Data entries:
^^^^^^^^
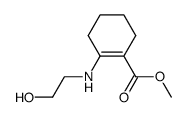 methyl 2-((2-hydroxyethyl)amino)cyclohex-1-ene-1-carboxylate结构式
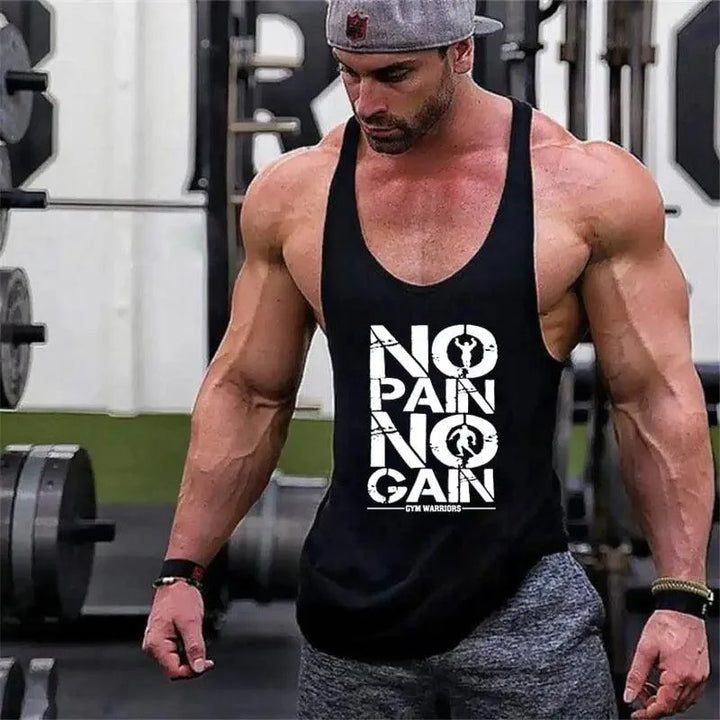 Men’s Cotton Bodybuilding Gym Tank Top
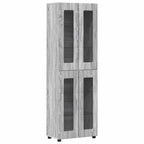 TV-Schrankset mit Tür FLORIN 3 pcs Graues Sonoma Holzwerkstoff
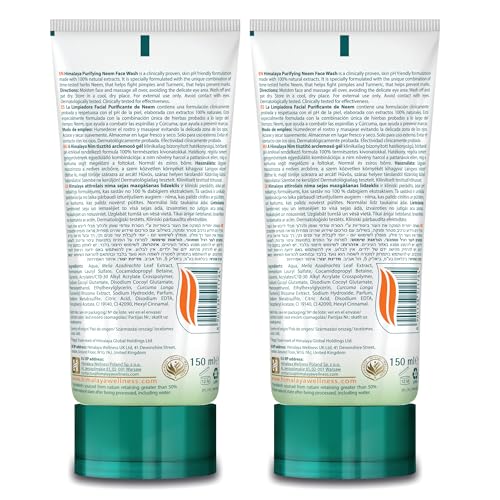 Himalaya Herbals Purifying Neem Face Wash Gel 150g (Pack of 2)
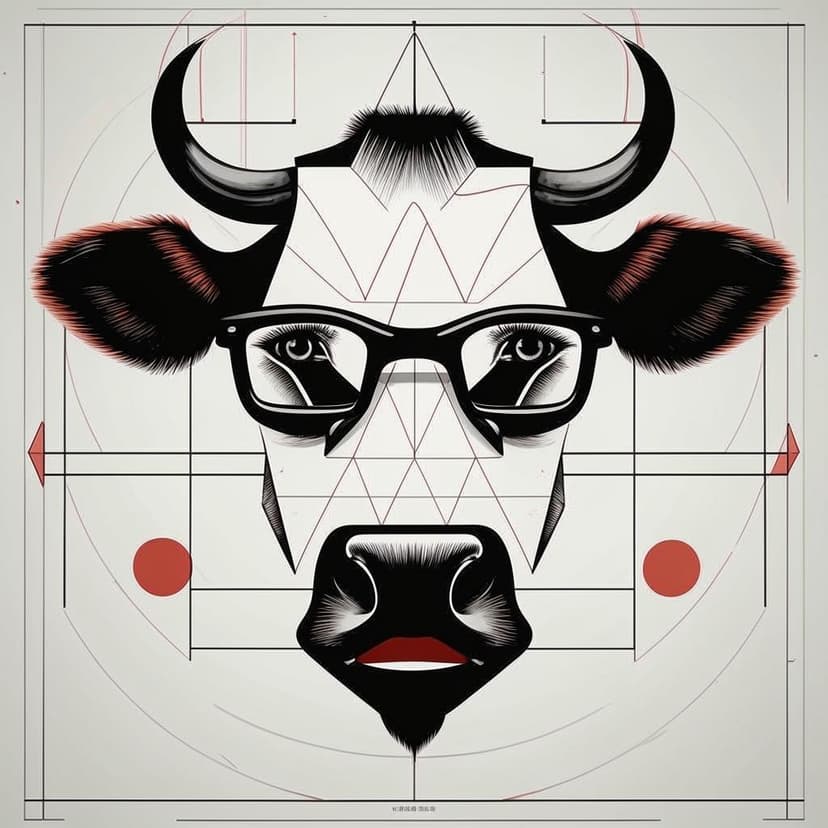 Bauhaus-style poster: black and white with bold geometric shapes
^^^^^^^^
• TASK OBJECTIVE: Each record above is to be returned unchanged, while any picture it holds stays out.

• ANSWER TO THIS TASK:
 methyl 2-((2-hydroxyethyl)amino)cyclohex-1-ene-1-carboxylate结构式
 Men’s Cotton Bodybuilding Gym Tank Top
 TV-Schrankset mit Tür FLORIN 3 pcs Graues Sonoma Holzwerkstoff
 Himalaya Herbals Purifying Neem Face Wash Gel 150g (Pack of 2)
 Bauhaus-style poster: black and white with bold geometric shapes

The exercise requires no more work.